(Information shown begins)

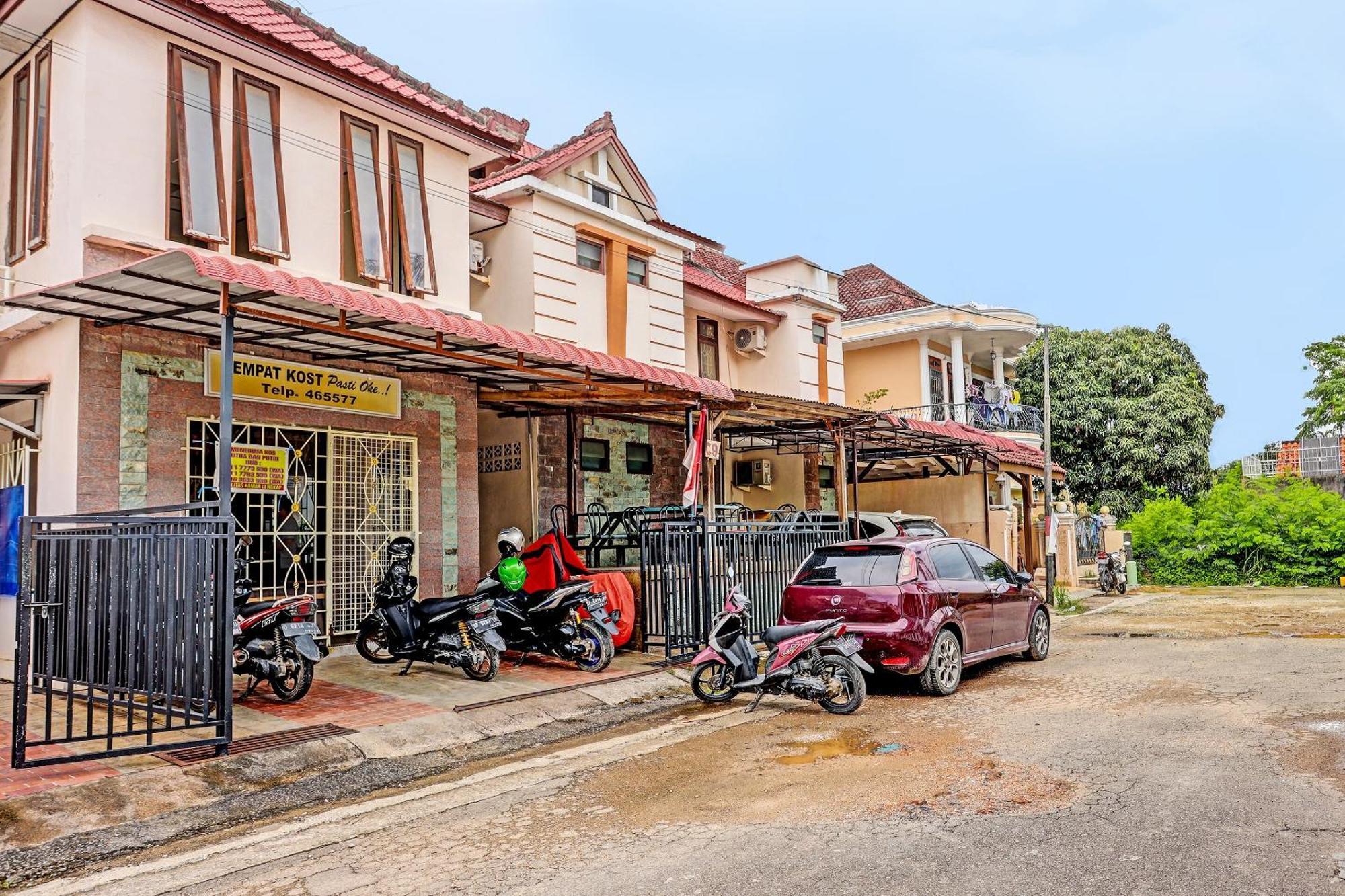 Oyo 91636 Kak Dadut Homestay Batam Экстерьер фото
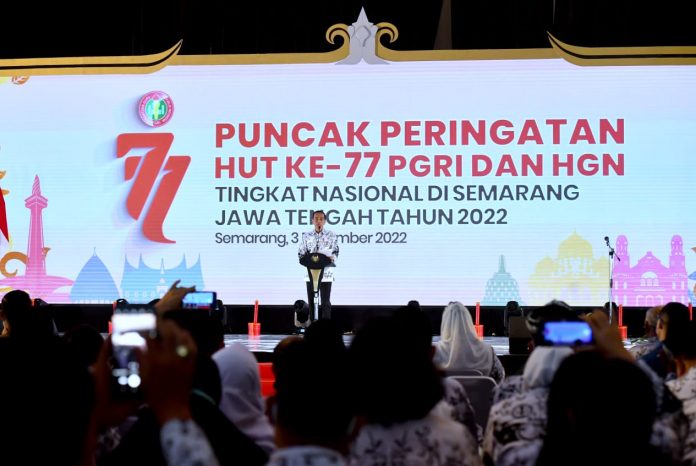 FOTO: Presiden Joko Widodo atau Jokowi menghadiri acara Puncak Peringatan HUT Ke-77 Persatuan Guru Republik Indonesia (PGRI) dan Hari Guru Nasional (HGN) Tahun 2022, di Marina Convention Center (MCC), Kota Semarang, Jawa Tengah.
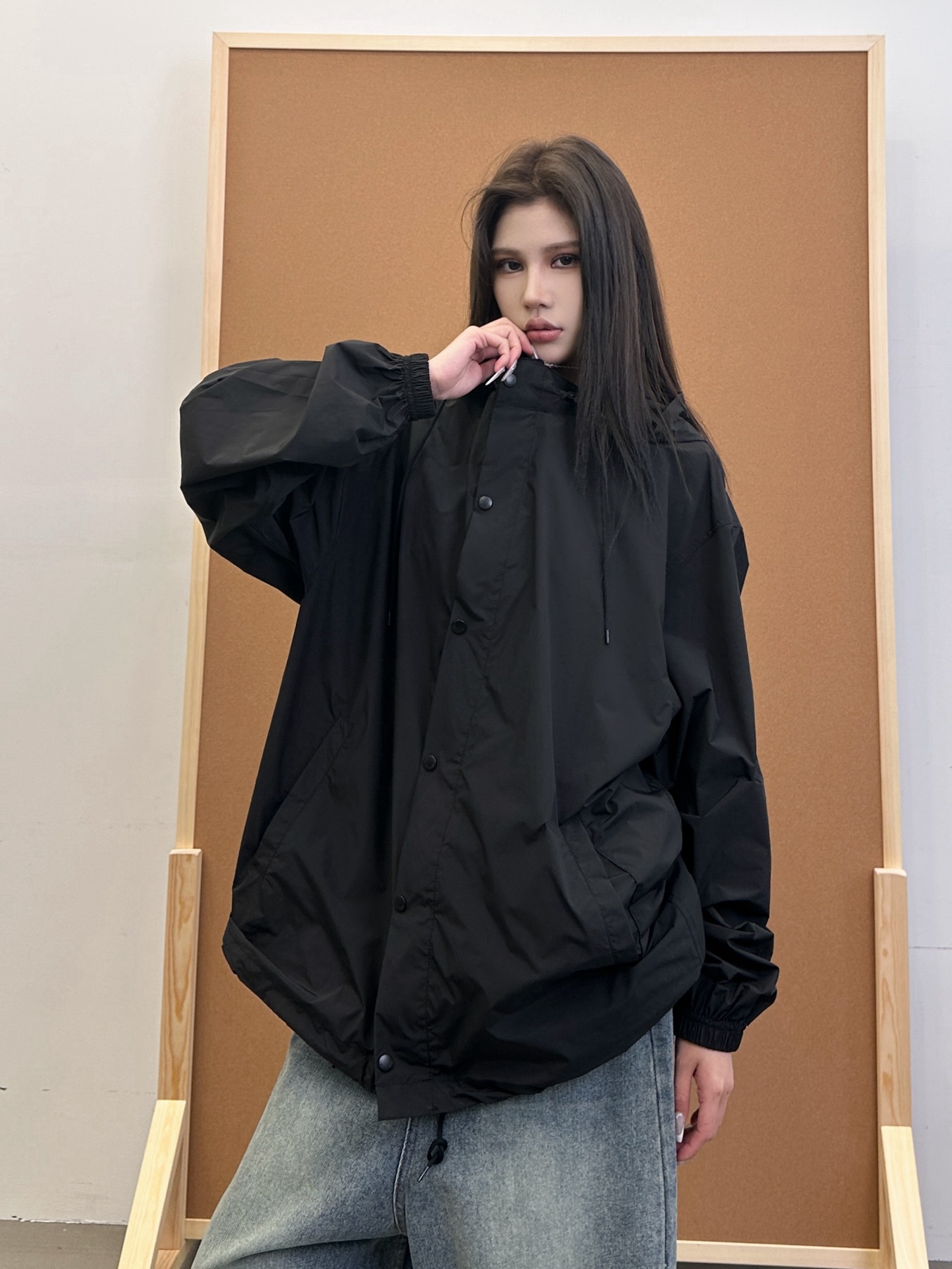 NO:329988,Paris ｜ New tape series thin windbreaker, latest tape pattern printing technology, ready-made garment workmanship details and accessories, same style for men and women, size sml, alexander wang19860909巴黎 ｜ 新款胶带系列薄风衣,最新胶带图案印花工艺,成衣做工细节辅料多,男女同款,尺码sml,,alexander wang,Women's clothing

(Information shown ends)

Please set down each line of the data above exactly as written, without the pictures.

* [Your solution]:
 Oyo 91636 Kak Dadut Homestay Batam Экстерьер фото
 FOTO: Presiden Joko Widodo atau Jokowi menghadiri acara Puncak Peringatan HUT Ke-77 Persatuan Guru Republik Indonesia (PGRI) dan Hari Guru Nasional (HGN) Tahun 2022, di Marina Convention Center (MCC), Kota Semarang, Jawa Tengah.
 NO:329988,Paris ｜ New tape series thin windbreaker, latest tape pattern printing technology, ready-made garment workmanship details and accessories, same style for men and women, size sml, alexander wang19860909巴黎 ｜ 新款胶带系列薄风衣,最新胶带图案印花工艺,成衣做工细节辅料多,男女同款,尺码sml,,alexander wang,Women's clothing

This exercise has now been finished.